Skip the pictures. Output only the lines below starting at the line with "Woman clothingButterfly Letter" and ending at the line with "How to draw", both ends included, exactly as they are.

(DATASET EXCERPTS Opens)

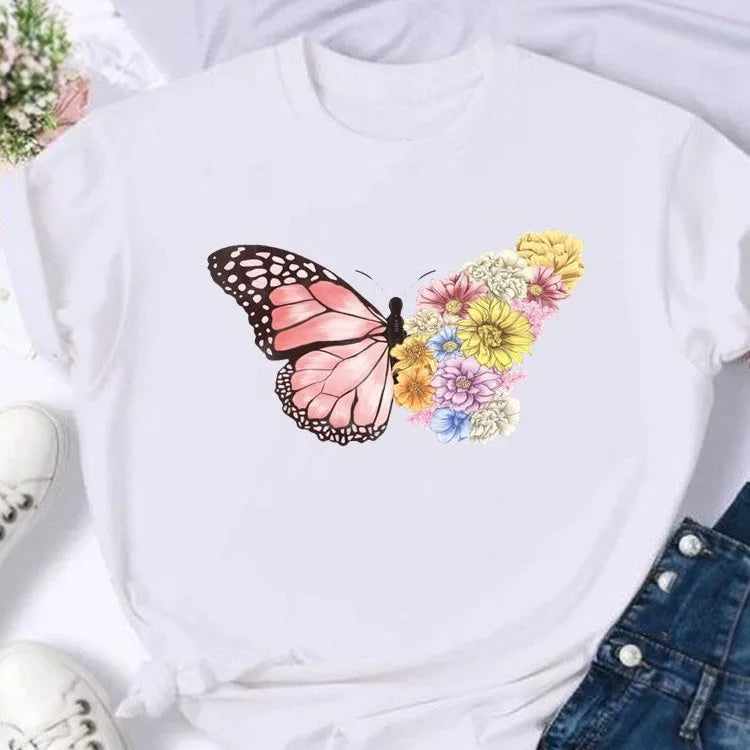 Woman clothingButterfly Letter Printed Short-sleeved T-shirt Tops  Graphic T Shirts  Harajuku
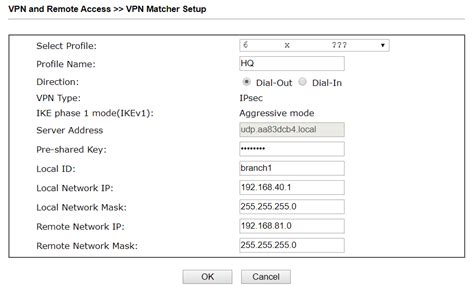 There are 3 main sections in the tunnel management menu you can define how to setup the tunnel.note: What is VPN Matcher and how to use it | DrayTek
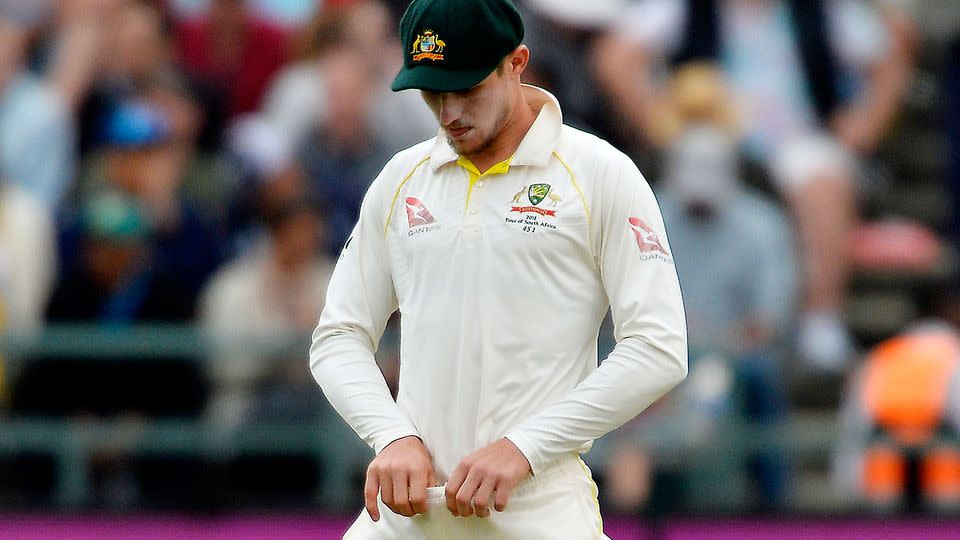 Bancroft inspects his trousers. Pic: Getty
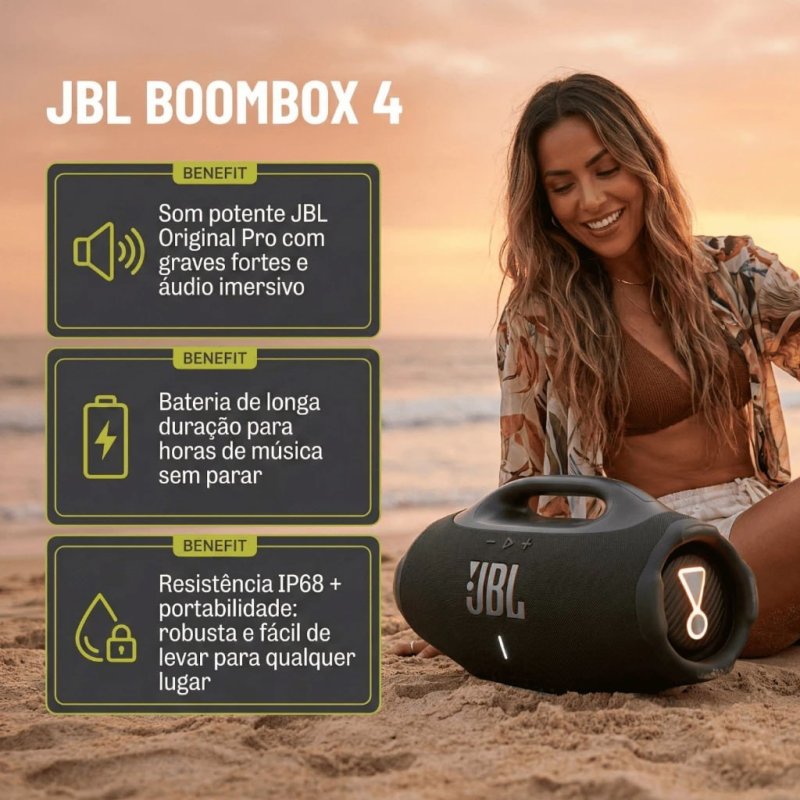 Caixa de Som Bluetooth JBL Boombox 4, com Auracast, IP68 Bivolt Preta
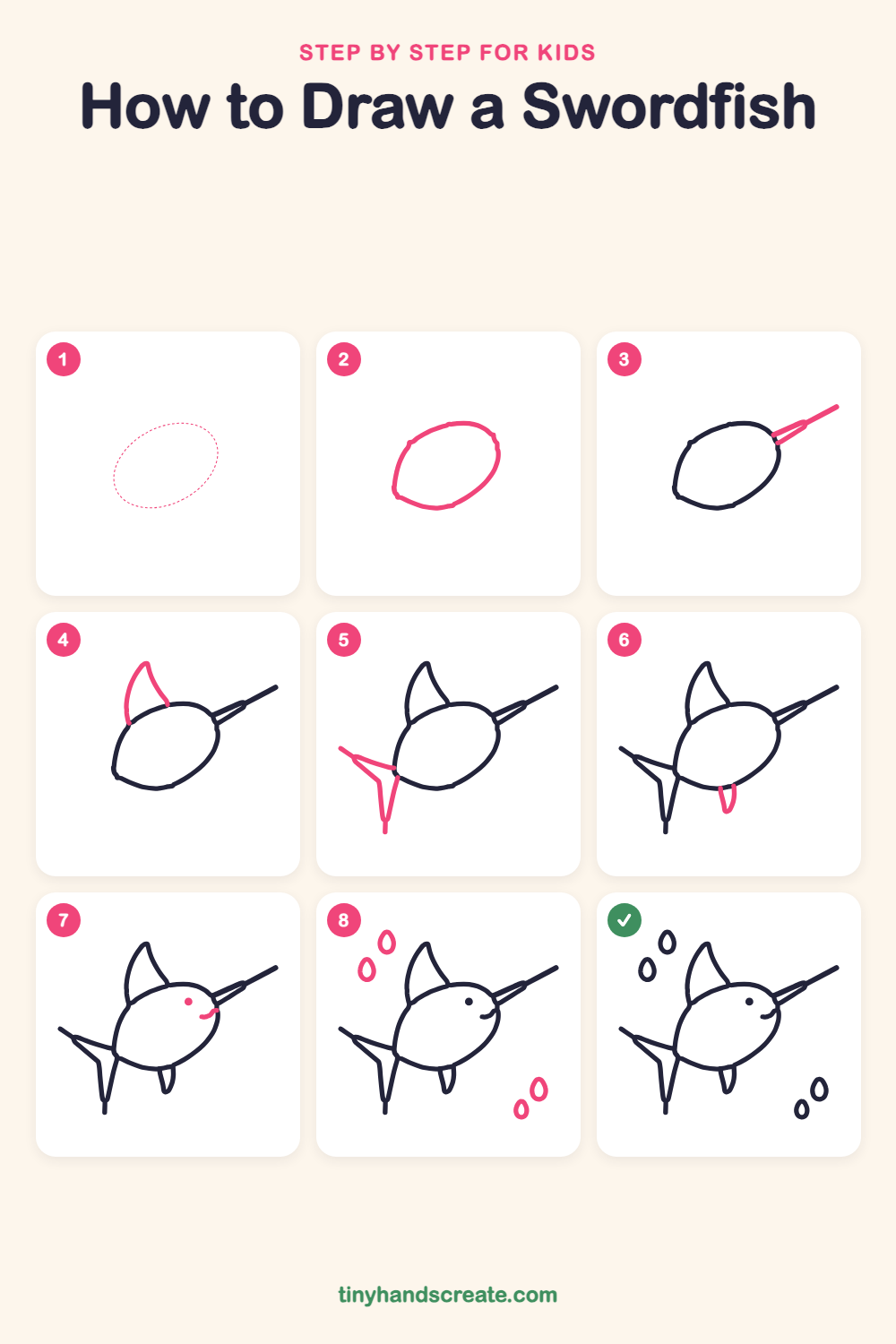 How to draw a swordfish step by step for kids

(DATASET EXCERPTS Closes)
(DATASET EXCERPTS Opens)

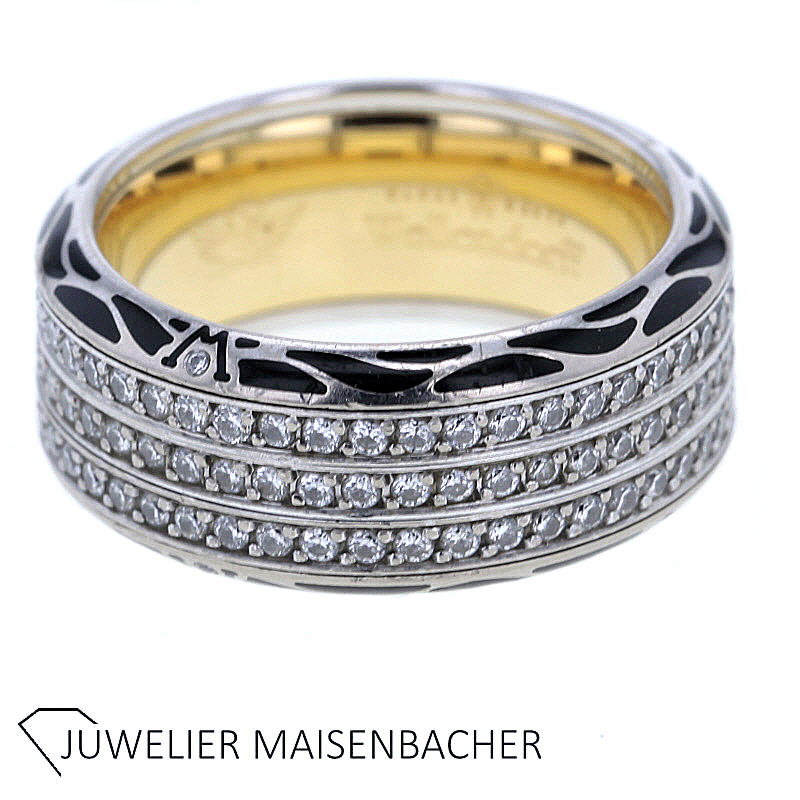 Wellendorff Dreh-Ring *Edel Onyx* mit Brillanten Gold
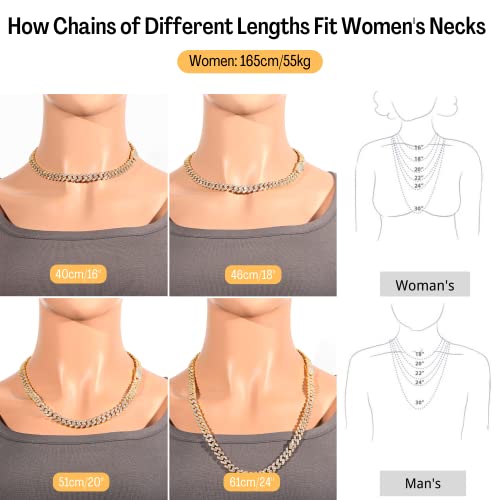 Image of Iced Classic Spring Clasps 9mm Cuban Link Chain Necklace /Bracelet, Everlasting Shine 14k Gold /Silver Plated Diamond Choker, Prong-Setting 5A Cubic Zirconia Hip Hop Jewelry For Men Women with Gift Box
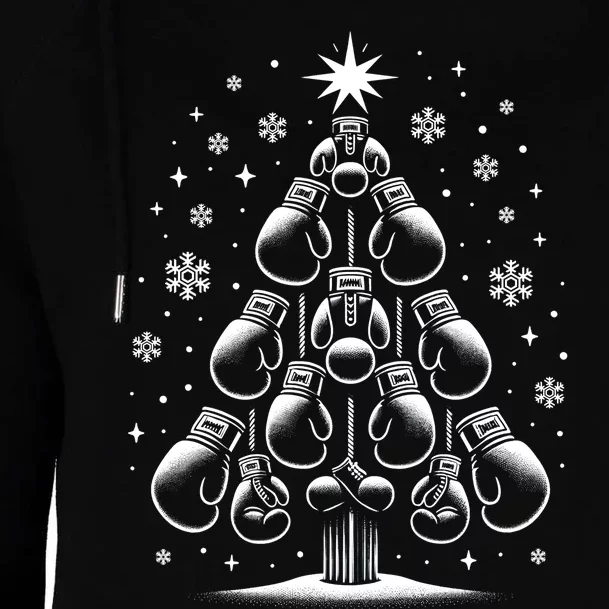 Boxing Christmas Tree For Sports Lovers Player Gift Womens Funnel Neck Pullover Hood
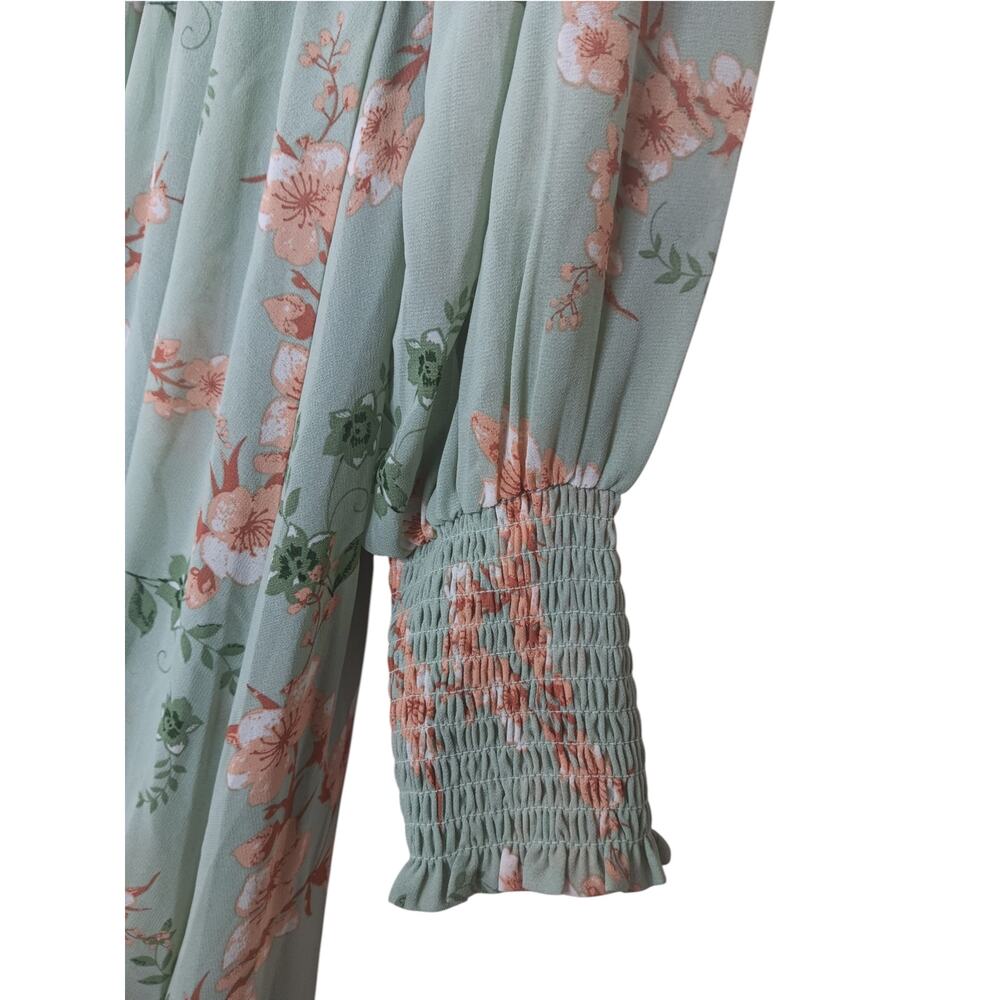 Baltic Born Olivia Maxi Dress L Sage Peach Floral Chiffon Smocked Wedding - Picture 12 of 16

(DATASET EXCERPTS Closes)

EXPECTED ANSWER.
 Woman clothingButterfly Letter Printed Short-sleeved T-shirt Tops  Graphic T Shirts  Harajuku
 There are 3 main sections in the tunnel management menu you can define how to setup the tunnel.note: What is VPN Matcher and how to use it | DrayTek
 Bancroft inspects his trousers. Pic: Getty
 Caixa de Som Bluetooth JBL Boombox 4, com Auracast, IP68 Bivolt Preta
 How to draw a swordfish step by step for kids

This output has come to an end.